- Opening Delimiter -

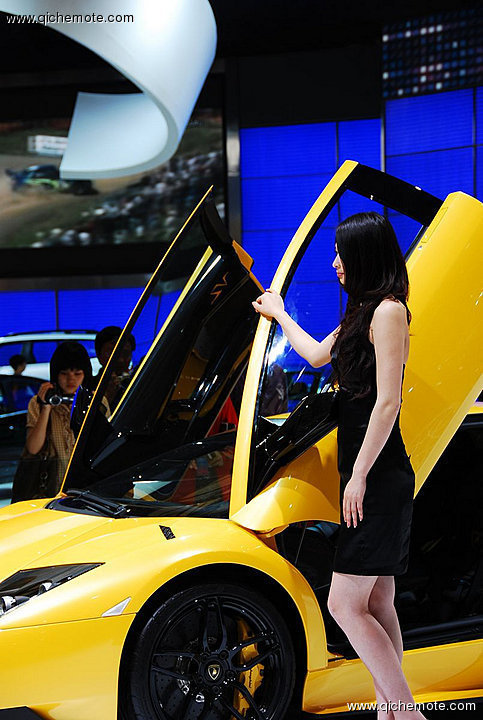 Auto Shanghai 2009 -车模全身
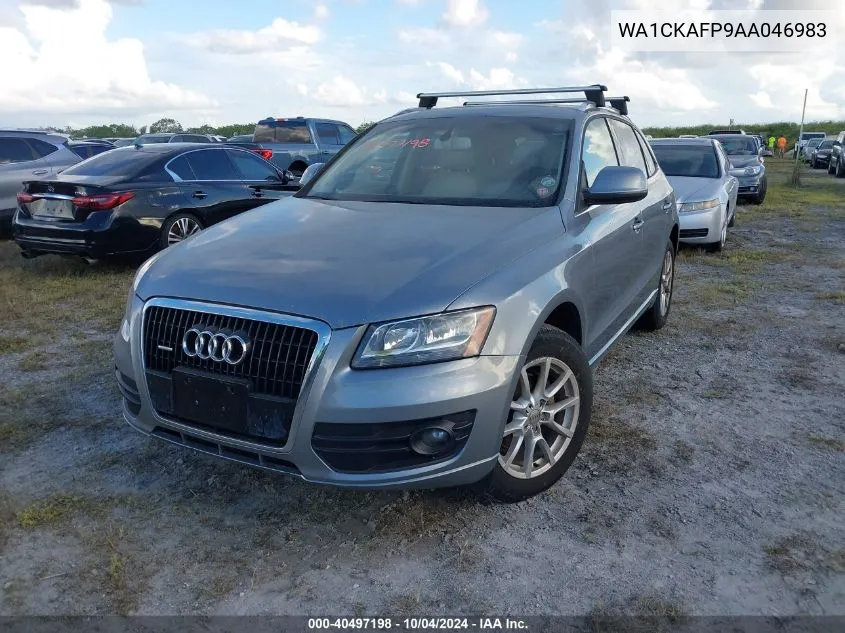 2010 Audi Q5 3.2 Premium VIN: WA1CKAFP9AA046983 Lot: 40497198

- Closing Delimiter -
- Opening Delimiter -

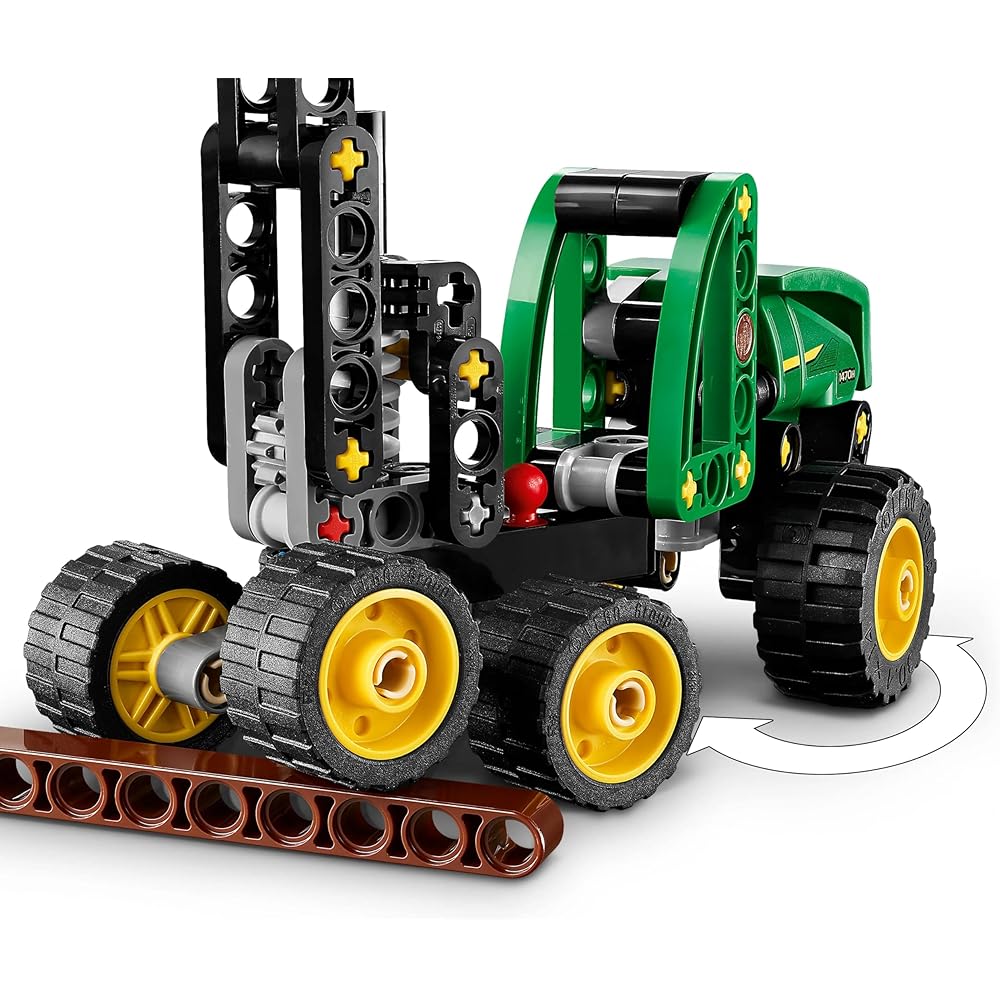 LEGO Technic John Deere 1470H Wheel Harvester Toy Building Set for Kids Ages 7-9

- Closing Delimiter -
- Opening Delimiter -

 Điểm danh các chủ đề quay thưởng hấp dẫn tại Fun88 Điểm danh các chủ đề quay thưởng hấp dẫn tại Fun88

- Closing Delimiter -

Starting at the line containing "Auto Shanghai 2009 -车模全身" and stopping at the line containing "2010 Audi Q5", output each line exactly as it appears above. Leave out the pictures.

 Auto Shanghai 2009 -车模全身
 2010 Audi Q5 3.2 Premium VIN: WA1CKAFP9AA046983 Lot: 40497198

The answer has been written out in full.